(Task objective): In the records below, find the line that contains "Handwoven Wool and" and the line that contains "Fototapeta premium Metallic". Set down exactly those lines and every line between them, and nothing more.

(Data provided):
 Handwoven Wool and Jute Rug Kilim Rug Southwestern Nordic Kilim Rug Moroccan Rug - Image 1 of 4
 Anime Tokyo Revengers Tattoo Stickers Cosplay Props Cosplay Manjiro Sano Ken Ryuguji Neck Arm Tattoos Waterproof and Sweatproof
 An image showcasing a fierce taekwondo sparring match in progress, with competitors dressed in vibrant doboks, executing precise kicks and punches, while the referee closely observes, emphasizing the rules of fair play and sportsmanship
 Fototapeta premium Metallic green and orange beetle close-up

--

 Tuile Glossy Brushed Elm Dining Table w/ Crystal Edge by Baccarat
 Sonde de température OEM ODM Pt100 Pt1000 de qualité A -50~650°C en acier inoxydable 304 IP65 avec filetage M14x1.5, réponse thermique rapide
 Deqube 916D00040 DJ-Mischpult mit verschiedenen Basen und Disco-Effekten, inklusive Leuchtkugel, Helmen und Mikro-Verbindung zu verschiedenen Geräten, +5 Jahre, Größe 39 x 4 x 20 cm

(Written solution):
 Handwoven Wool and Jute Rug Kilim Rug Southwestern Nordic Kilim Rug Moroccan Rug - Image 1 of 4
 Anime Tokyo Revengers Tattoo Stickers Cosplay Props Cosplay Manjiro Sano Ken Ryuguji Neck Arm Tattoos Waterproof and Sweatproof
 An image showcasing a fierce taekwondo sparring match in progress, with competitors dressed in vibrant doboks, executing precise kicks and punches, while the referee closely observes, emphasizing the rules of fair play and sportsmanship
 Fototapeta premium Metallic green and orange beetle close-up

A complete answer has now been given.